WORK TASK> Below this line are records; transcribe exactly the lines between the one holding "xxxy visuals w" and the one holding "Mackerel Islands - Attractions Perth 2", inclusive, and omit the pictures.

DATA FOR THIS TASK>
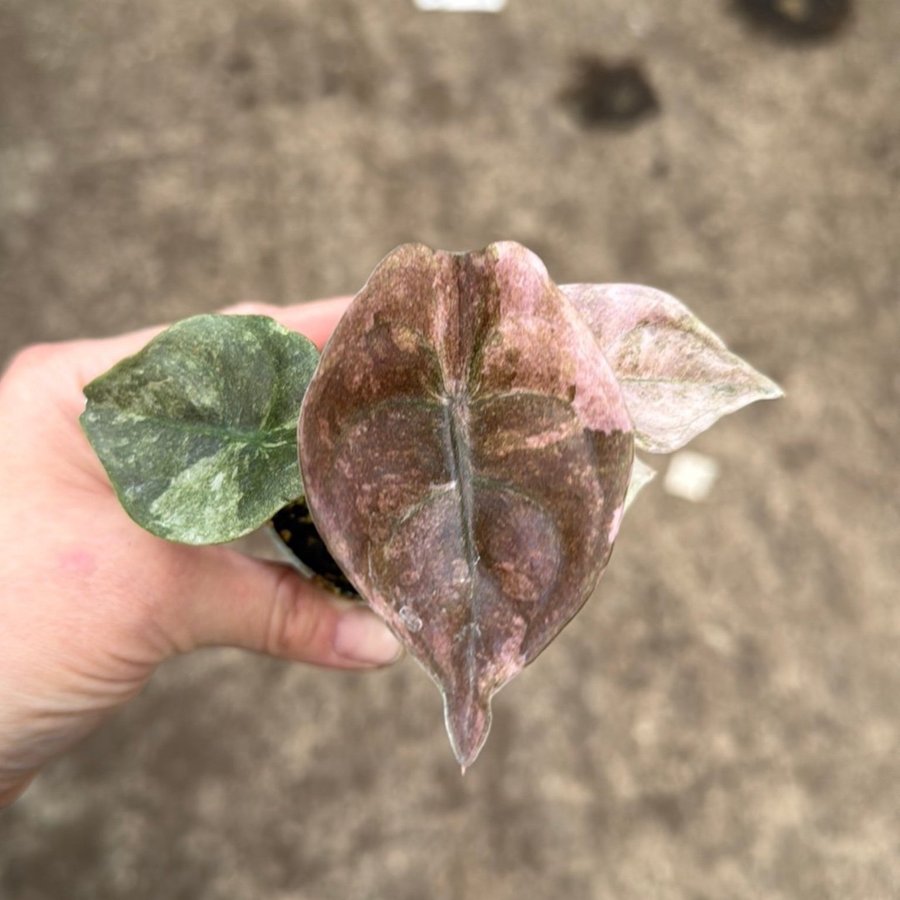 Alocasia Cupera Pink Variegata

...

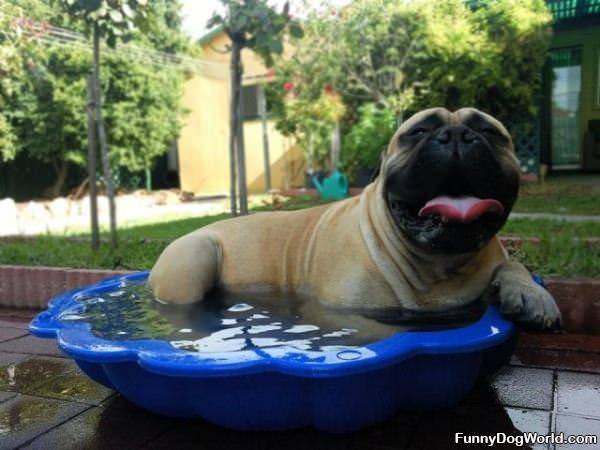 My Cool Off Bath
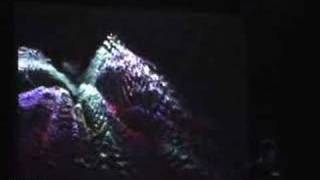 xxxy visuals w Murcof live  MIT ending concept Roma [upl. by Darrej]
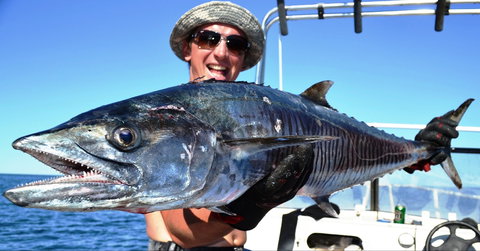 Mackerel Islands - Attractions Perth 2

RESPONSE AREA>
 xxxy visuals w Murcof live  MIT ending concept Roma [upl. by Darrej]
 Mackerel Islands - Attractions Perth 2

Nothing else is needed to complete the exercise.